I prefer the way the British Labour Party selects its leaders. Unlike the Australian Labor party's preference for knives and number crunchers the British Labour Party has a long tradition of internal democracy. Its leaders are chosen through a long drawn out process involving an electoral college but it is not based on one person one vote.

Those who can vote are Labour members of the House of Commons and the European Parliament, Individual members of the party and individual members of affiliated organisations, such as trade unions and socialist societies with each electorate or section contributing one third of the total votes. The candidate with the lowest vote will be eliminated and their voters redistributed until one candidate secures 50% of the vote in the electoral college.

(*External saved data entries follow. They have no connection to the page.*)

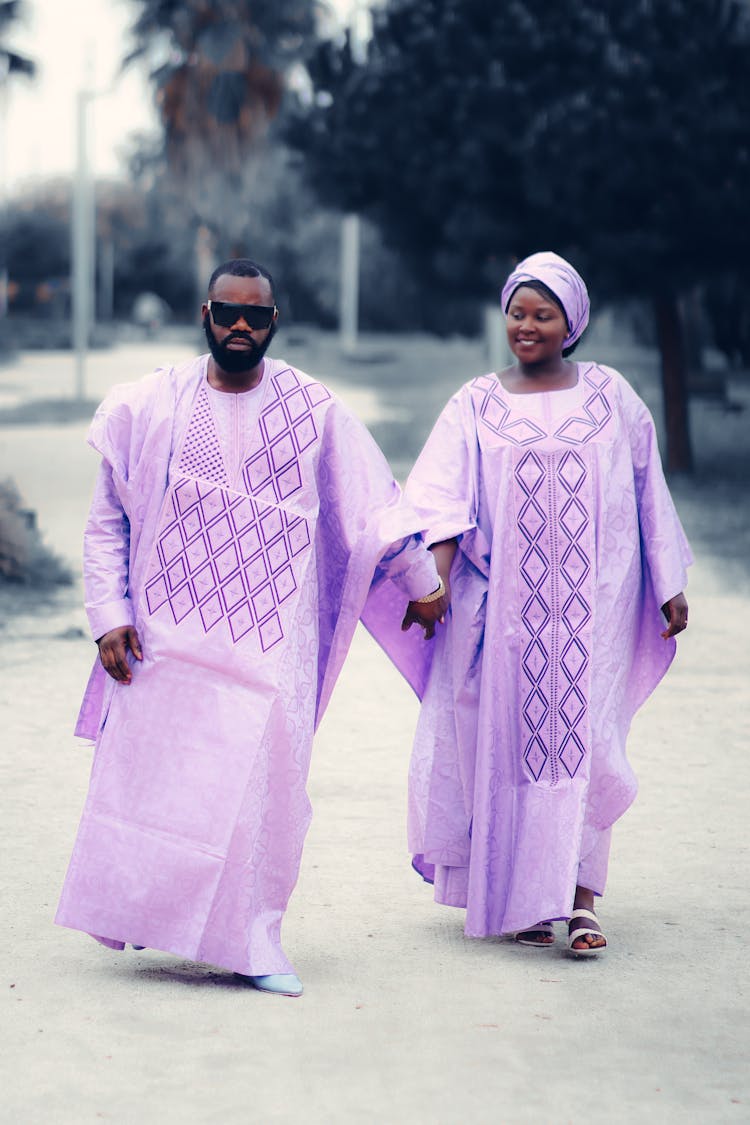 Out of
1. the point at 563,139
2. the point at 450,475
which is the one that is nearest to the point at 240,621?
the point at 450,475

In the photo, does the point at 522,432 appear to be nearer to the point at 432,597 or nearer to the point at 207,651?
the point at 432,597

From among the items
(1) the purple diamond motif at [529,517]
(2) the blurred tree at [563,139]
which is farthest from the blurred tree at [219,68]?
(1) the purple diamond motif at [529,517]

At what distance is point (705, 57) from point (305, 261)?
4945 centimetres

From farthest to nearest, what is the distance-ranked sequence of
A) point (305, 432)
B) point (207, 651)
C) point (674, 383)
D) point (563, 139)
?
1. point (674, 383)
2. point (563, 139)
3. point (305, 432)
4. point (207, 651)

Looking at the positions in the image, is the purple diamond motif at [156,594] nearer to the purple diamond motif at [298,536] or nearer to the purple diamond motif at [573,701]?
the purple diamond motif at [298,536]

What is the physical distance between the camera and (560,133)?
18.7m

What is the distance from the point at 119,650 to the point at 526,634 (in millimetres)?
1110

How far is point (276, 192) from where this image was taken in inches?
2542

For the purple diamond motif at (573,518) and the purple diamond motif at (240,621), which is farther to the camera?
the purple diamond motif at (573,518)

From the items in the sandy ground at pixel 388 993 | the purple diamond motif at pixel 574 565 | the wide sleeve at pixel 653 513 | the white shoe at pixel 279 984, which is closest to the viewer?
the sandy ground at pixel 388 993

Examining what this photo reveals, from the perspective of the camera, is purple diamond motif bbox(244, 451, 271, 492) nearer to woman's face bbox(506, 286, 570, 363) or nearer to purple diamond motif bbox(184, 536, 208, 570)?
purple diamond motif bbox(184, 536, 208, 570)

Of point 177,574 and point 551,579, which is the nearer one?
point 177,574

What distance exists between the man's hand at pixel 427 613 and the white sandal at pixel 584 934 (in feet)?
2.73

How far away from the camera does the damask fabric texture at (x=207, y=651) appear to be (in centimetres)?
468
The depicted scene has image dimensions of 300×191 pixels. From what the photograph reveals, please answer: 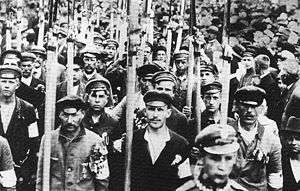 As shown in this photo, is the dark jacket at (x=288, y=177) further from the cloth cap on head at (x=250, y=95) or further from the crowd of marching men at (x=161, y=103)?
the cloth cap on head at (x=250, y=95)

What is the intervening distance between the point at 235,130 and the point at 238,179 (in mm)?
237

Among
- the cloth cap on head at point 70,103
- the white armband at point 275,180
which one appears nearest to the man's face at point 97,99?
the cloth cap on head at point 70,103

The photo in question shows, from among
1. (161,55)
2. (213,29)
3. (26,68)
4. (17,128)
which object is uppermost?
(213,29)

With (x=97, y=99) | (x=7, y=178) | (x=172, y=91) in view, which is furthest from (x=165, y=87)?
(x=7, y=178)

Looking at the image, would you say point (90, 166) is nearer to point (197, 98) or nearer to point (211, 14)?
point (197, 98)

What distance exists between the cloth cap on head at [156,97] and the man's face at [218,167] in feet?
1.37

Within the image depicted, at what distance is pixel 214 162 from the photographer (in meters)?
2.52

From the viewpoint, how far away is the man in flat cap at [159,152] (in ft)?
9.25

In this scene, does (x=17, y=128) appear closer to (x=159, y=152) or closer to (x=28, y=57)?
(x=28, y=57)

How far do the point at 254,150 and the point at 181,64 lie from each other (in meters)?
0.78

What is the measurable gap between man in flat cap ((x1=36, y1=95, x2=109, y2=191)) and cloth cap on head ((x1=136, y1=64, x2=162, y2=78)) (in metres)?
0.42

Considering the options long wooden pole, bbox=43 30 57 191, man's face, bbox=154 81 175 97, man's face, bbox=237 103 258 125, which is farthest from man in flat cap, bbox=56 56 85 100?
man's face, bbox=237 103 258 125

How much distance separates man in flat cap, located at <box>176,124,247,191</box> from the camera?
8.23 ft

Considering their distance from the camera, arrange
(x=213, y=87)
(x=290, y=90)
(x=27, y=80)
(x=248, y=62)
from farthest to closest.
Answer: (x=27, y=80)
(x=248, y=62)
(x=290, y=90)
(x=213, y=87) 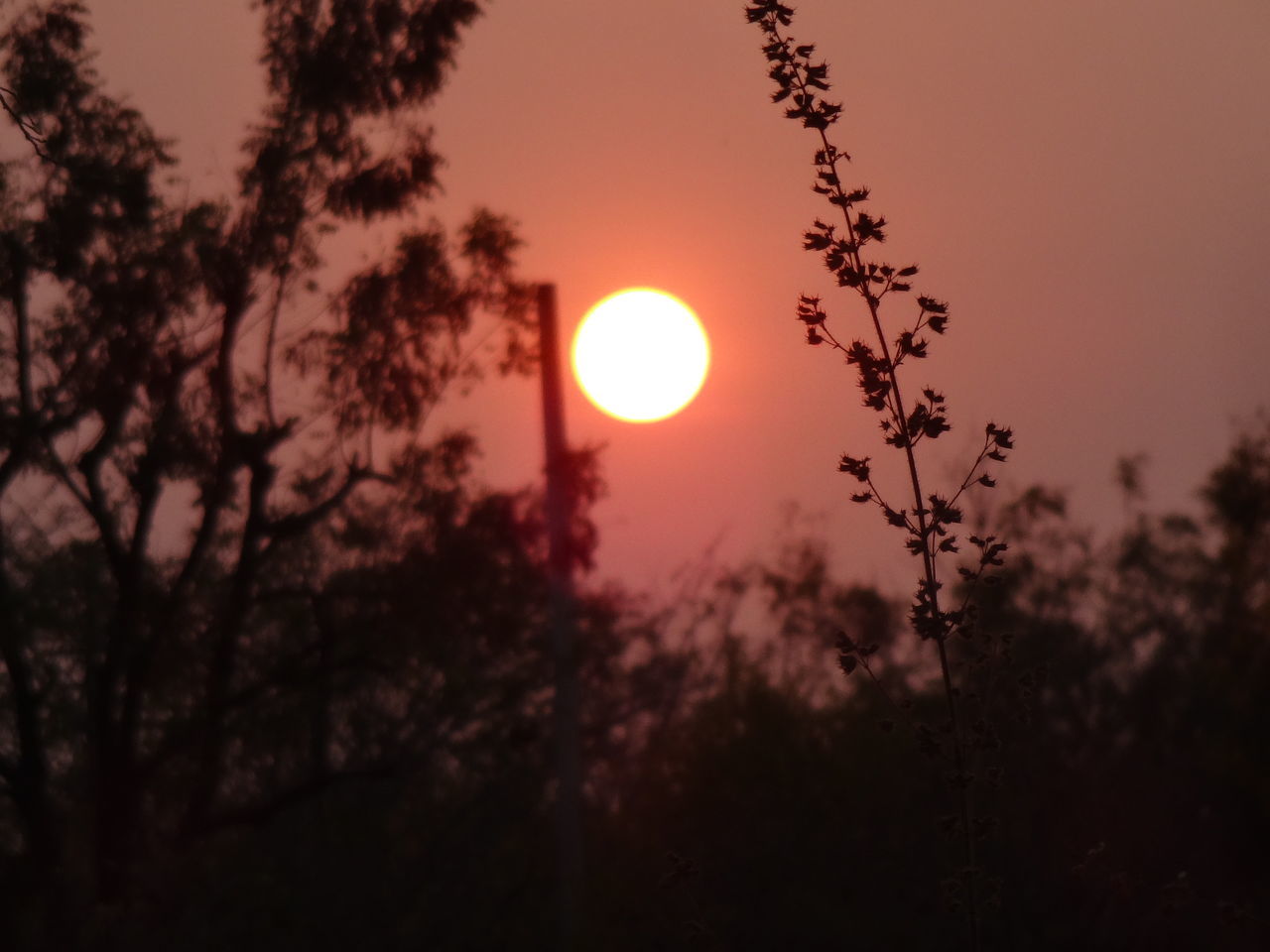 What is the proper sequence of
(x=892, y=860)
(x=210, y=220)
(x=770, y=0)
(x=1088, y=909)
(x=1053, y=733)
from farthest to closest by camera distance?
(x=1053, y=733), (x=892, y=860), (x=1088, y=909), (x=210, y=220), (x=770, y=0)

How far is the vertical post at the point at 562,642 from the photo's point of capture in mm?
14891

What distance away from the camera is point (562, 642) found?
601 inches

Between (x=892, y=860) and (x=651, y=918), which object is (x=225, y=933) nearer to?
(x=651, y=918)

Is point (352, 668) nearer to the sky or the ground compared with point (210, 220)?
nearer to the ground

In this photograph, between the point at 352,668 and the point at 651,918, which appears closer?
the point at 352,668

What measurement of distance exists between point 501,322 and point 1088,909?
48.9ft

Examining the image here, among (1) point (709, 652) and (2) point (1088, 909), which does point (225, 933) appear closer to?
(1) point (709, 652)

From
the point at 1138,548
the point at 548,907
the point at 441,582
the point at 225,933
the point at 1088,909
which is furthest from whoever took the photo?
Result: the point at 1138,548

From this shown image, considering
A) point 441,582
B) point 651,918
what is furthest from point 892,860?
point 441,582

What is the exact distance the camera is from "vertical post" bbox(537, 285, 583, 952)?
14891 millimetres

The divided British Labour Party has come to a cross roads. Martin Kettle puts it this way in The Guardian:

Labour therefore faces a very big choice. It can either define itself for its core vote – as the party of the unionised working class, the poor and their middle-class allies – and delineate a philosophy of redistributive social democracy, which it believes will protect the core vote and the middle-class allies will be willing to support. Or it can define itself as a majoritarian party committed to social justice that recognises it will have to moderate aspects of those core values to become and remain the natural home of voters who do not fully share them – even in government.

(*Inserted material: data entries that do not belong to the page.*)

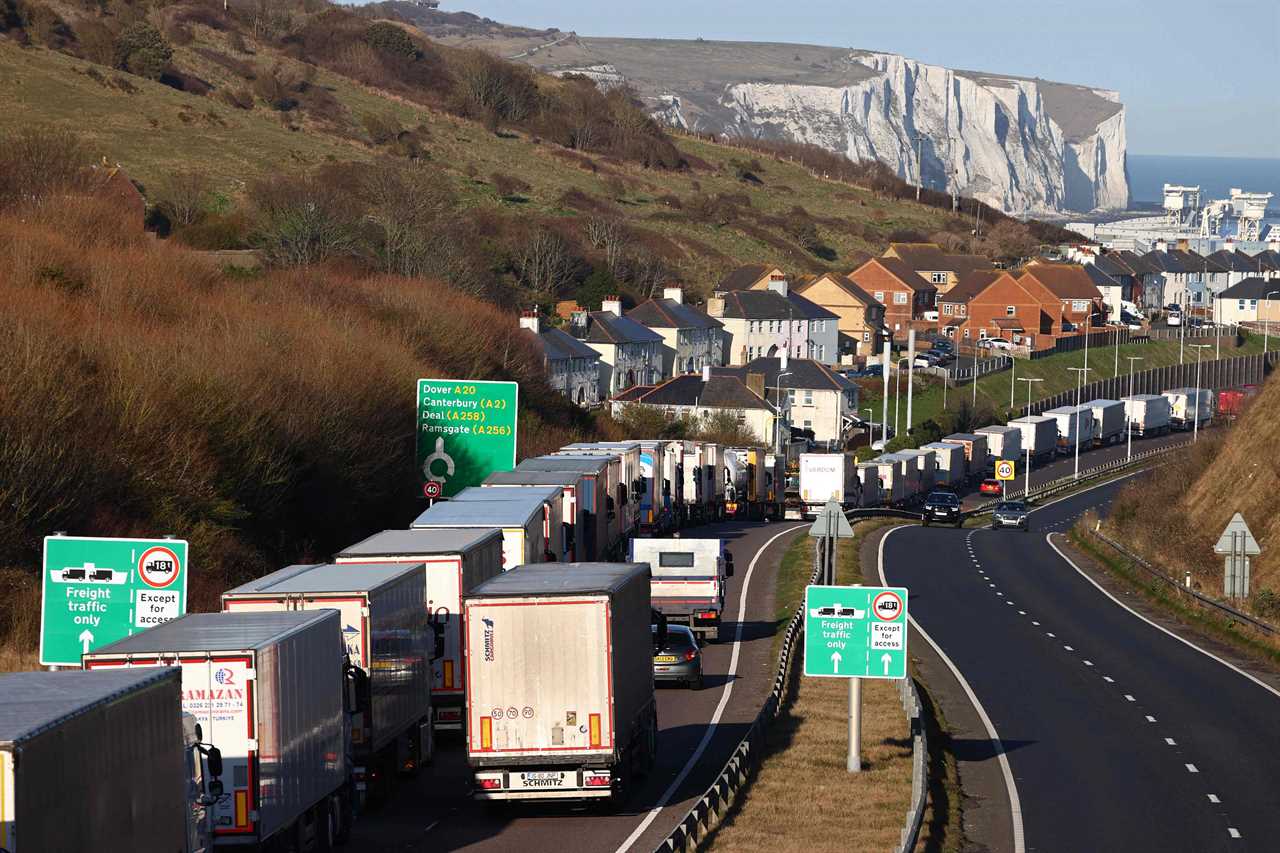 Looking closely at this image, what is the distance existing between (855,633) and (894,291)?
14911 centimetres

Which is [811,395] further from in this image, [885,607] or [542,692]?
[542,692]

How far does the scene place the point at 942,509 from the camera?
85.4 meters

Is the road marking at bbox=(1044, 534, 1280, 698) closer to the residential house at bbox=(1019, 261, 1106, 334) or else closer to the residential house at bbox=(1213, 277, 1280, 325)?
the residential house at bbox=(1019, 261, 1106, 334)

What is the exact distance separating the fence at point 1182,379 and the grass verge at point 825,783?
116797 millimetres

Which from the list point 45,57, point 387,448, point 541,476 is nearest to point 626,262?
point 45,57

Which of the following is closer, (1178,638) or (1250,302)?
(1178,638)

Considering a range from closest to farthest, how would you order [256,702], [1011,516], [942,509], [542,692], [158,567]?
[256,702], [158,567], [542,692], [1011,516], [942,509]

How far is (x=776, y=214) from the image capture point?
195 m

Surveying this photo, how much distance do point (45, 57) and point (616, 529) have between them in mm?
97754

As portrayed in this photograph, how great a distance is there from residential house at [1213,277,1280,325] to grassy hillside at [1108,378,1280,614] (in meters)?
124

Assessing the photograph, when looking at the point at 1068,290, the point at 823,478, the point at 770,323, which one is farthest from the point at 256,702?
the point at 1068,290

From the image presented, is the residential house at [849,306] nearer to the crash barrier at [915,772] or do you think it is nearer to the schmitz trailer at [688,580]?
the schmitz trailer at [688,580]

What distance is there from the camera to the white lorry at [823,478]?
270 feet

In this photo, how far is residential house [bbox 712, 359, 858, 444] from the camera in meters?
116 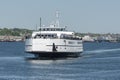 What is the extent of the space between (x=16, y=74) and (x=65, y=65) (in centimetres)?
2164

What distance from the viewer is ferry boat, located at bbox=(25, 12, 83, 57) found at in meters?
128

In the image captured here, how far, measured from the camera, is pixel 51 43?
128m

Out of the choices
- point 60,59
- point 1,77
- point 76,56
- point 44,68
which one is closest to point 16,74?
point 1,77

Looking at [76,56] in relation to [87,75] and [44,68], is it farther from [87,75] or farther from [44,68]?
[87,75]

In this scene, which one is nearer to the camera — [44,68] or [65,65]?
[44,68]

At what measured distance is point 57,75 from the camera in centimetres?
8812

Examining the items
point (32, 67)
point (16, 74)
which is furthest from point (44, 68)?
point (16, 74)

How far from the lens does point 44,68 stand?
102188mm

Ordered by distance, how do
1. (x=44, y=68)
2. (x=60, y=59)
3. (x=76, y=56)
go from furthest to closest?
(x=76, y=56) < (x=60, y=59) < (x=44, y=68)

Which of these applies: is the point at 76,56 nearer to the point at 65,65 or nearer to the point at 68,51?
the point at 68,51

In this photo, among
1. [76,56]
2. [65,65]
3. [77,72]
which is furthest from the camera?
[76,56]

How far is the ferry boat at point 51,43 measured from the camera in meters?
128

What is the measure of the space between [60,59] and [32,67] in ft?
72.4

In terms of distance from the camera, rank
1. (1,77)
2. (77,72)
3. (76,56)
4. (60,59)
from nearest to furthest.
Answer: (1,77), (77,72), (60,59), (76,56)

An MP's vote is worth around 600 times the vote of an ordinary member. That is not one person one vote.

At least the two Milibands are the leading contenders of the five candidates battling for the Labour leadership ---David Milinand has been the frontrunner, but the new leader is likely to be Ed Miliband---- don't think that Coca-Cola or the City can save the planet.

Will they break from New Labour's 1990s preference for a light touch regulation in the private sector, the internal market in public services and a wanton disregard for personal liberty? Will the Blair-Brown era,with its fascination with making lots of money, be put behind? Will British Labour rediscover its social democratic roots in liberty and equality?

| Posted by Gary Sauer-Thompson at 11:22 PM | | Comments (2)


The UK badly needs someone with stature and experience to steer it into a bright future, Millband has neither. Going towards the left is not going to keep the people who make the country's wealth happy. Anyone with good business sense will move away to other places and with taxes depleted where are the benefits.
The UK is in a big hole made by the yanks greed and Blair's blindness to be Bush's lapdog. I am afraid the future for the UK is not bright and nobody seems to care.

Considering the Labour Party won 1 million votes from the tories, but lost over 3 million voters who just didn't vote, or voted for the lib-dems or greens.